■ **EXERCISE OBJECTIVE**: Reproduce without any pictures the lines from the one that contains "3l bet: Confiabilidade" through the end of the records, exactly as written.

[Image-caption web data]
+--

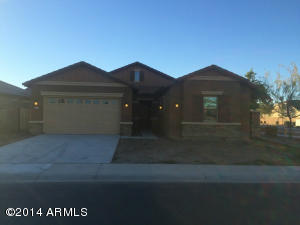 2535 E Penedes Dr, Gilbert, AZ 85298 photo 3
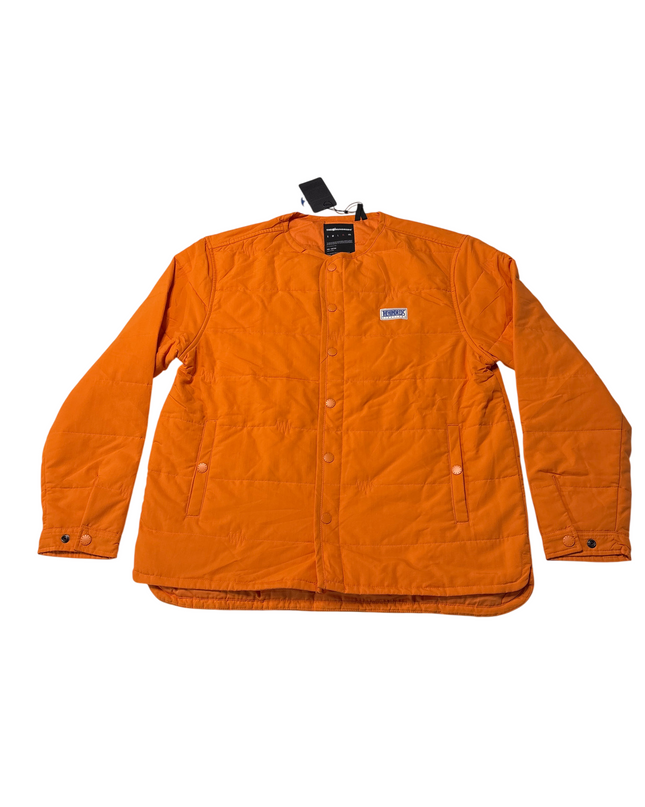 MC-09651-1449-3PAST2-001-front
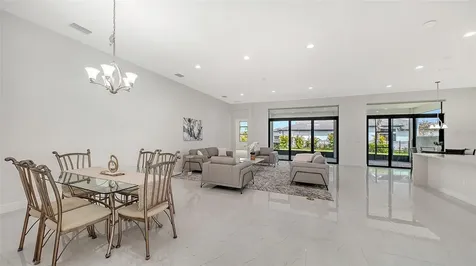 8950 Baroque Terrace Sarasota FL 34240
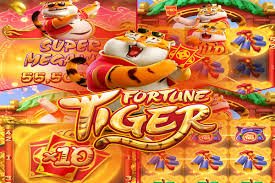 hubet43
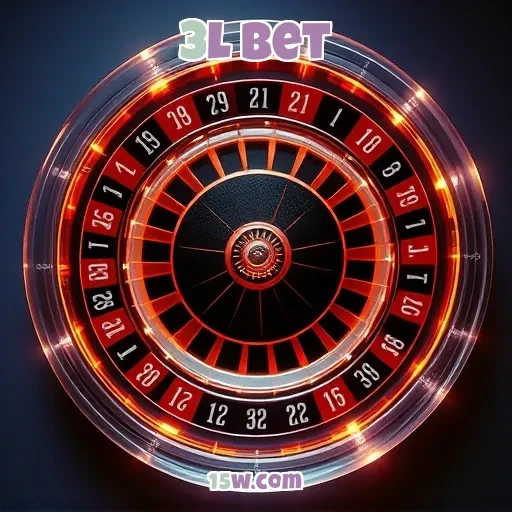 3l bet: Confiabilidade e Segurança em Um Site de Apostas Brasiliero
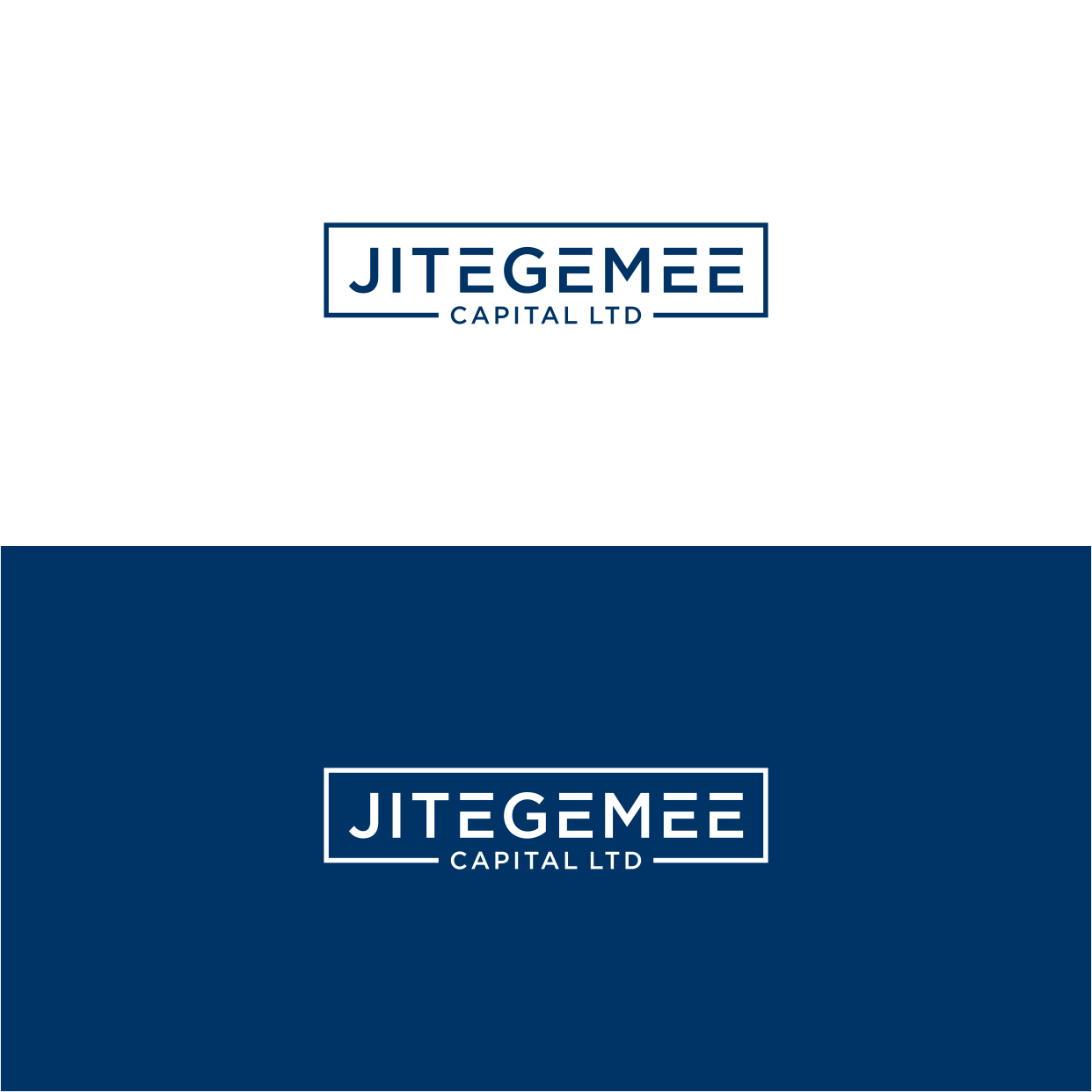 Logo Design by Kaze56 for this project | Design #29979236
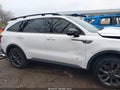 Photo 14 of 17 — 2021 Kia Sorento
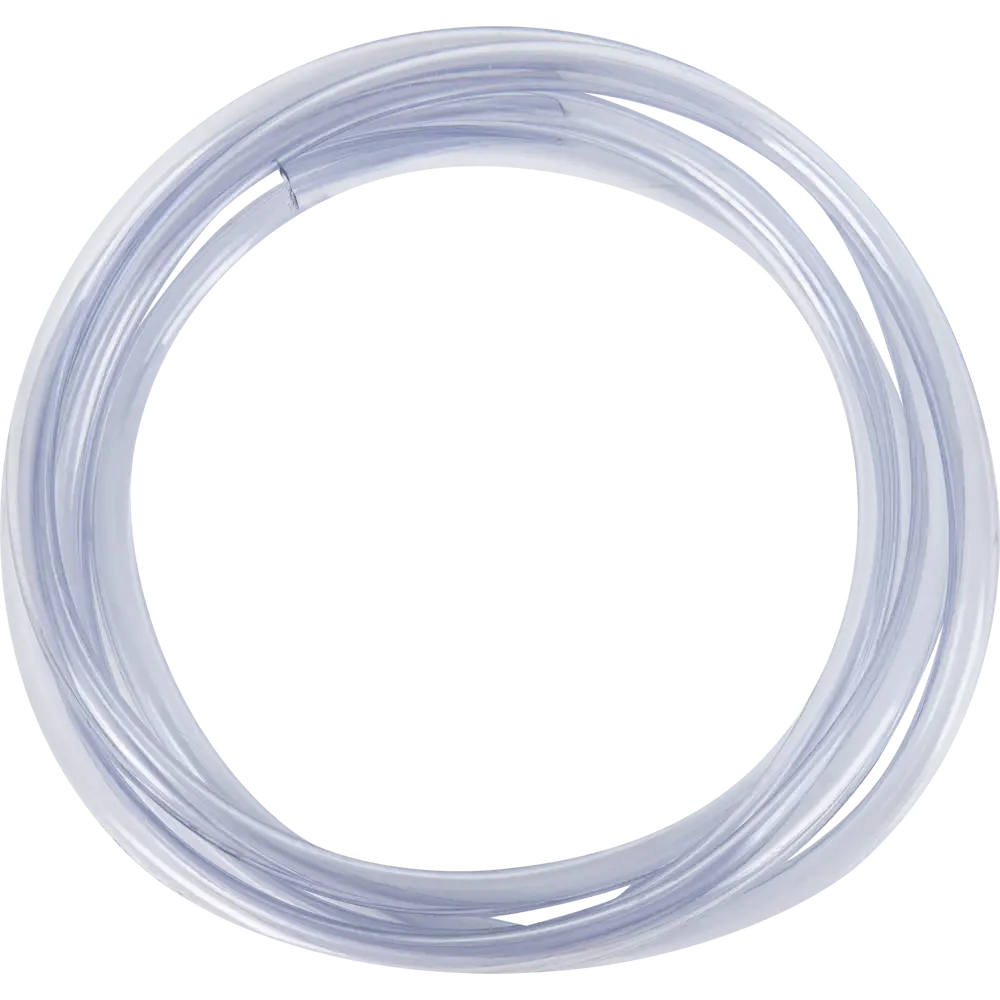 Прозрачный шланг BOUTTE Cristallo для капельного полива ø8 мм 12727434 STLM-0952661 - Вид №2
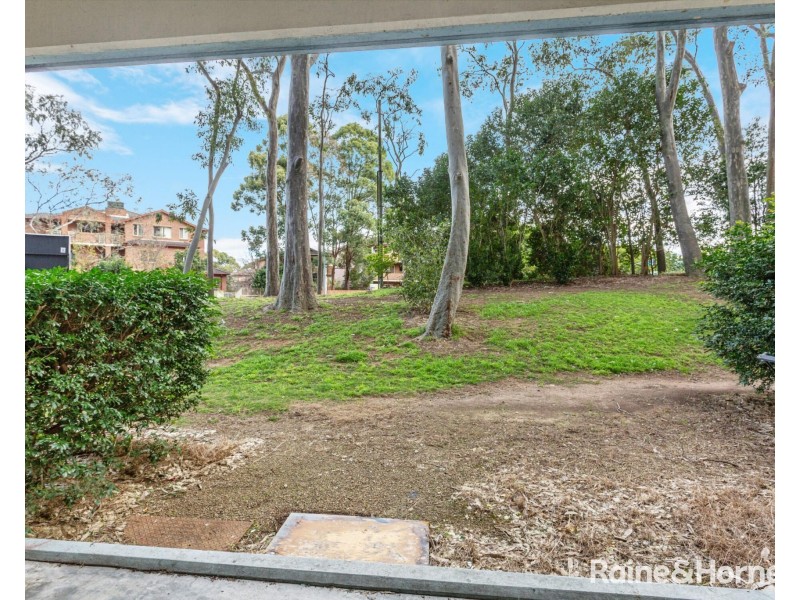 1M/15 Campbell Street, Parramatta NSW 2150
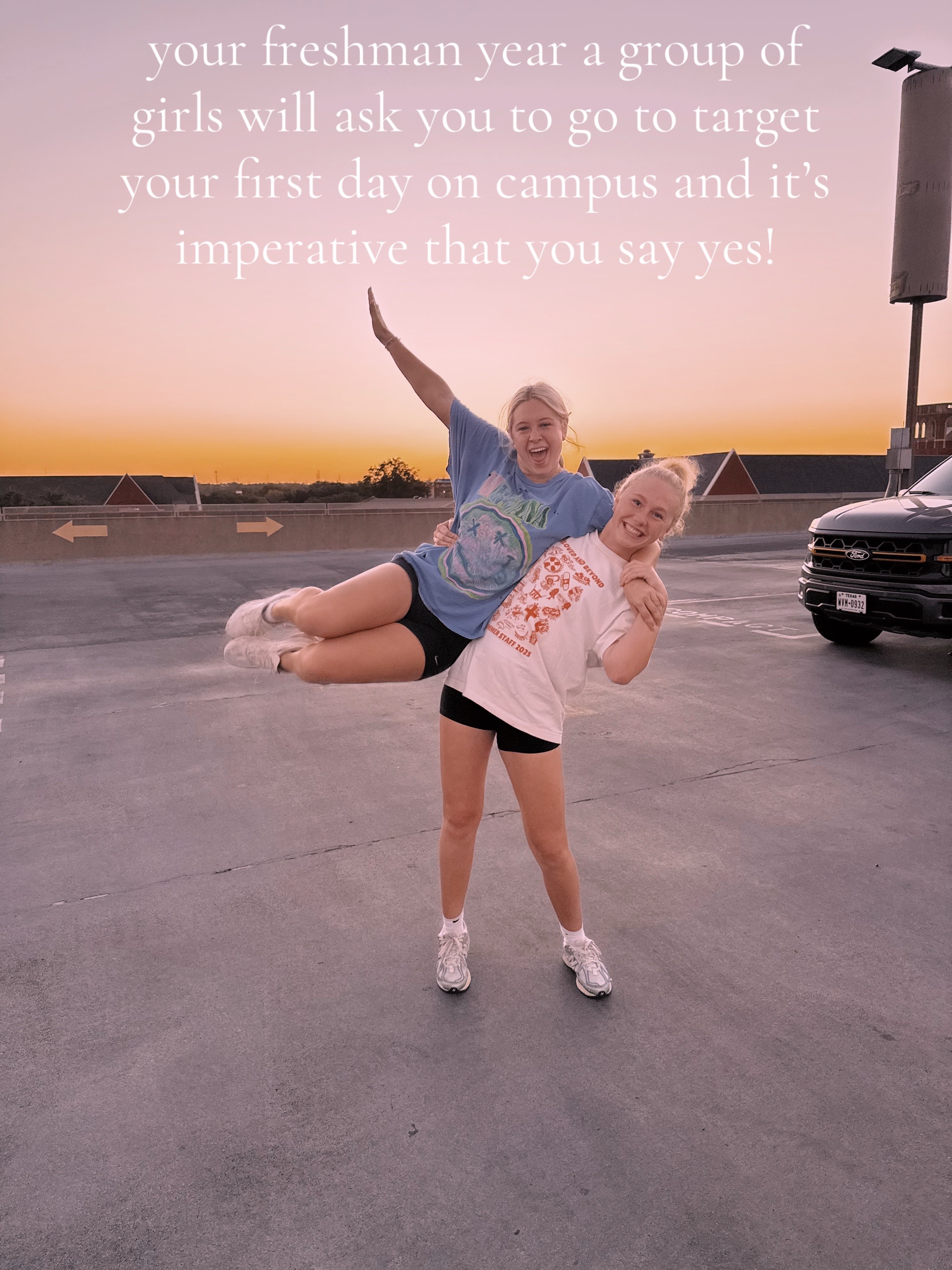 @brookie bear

+--

■ **EXPECTED OUTPUT**:
 3l bet: Confiabilidade e Segurança em Um Site de Apostas Brasiliero
 Logo Design by Kaze56 for this project | Design #29979236
 Photo 14 of 17 — 2021 Kia Sorento
 Прозрачный шланг BOUTTE Cristallo для капельного полива ø8 мм 12727434 STLM-0952661 - Вид №2
 1M/15 Campbell Street, Parramatta NSW 2150
 @brookie bear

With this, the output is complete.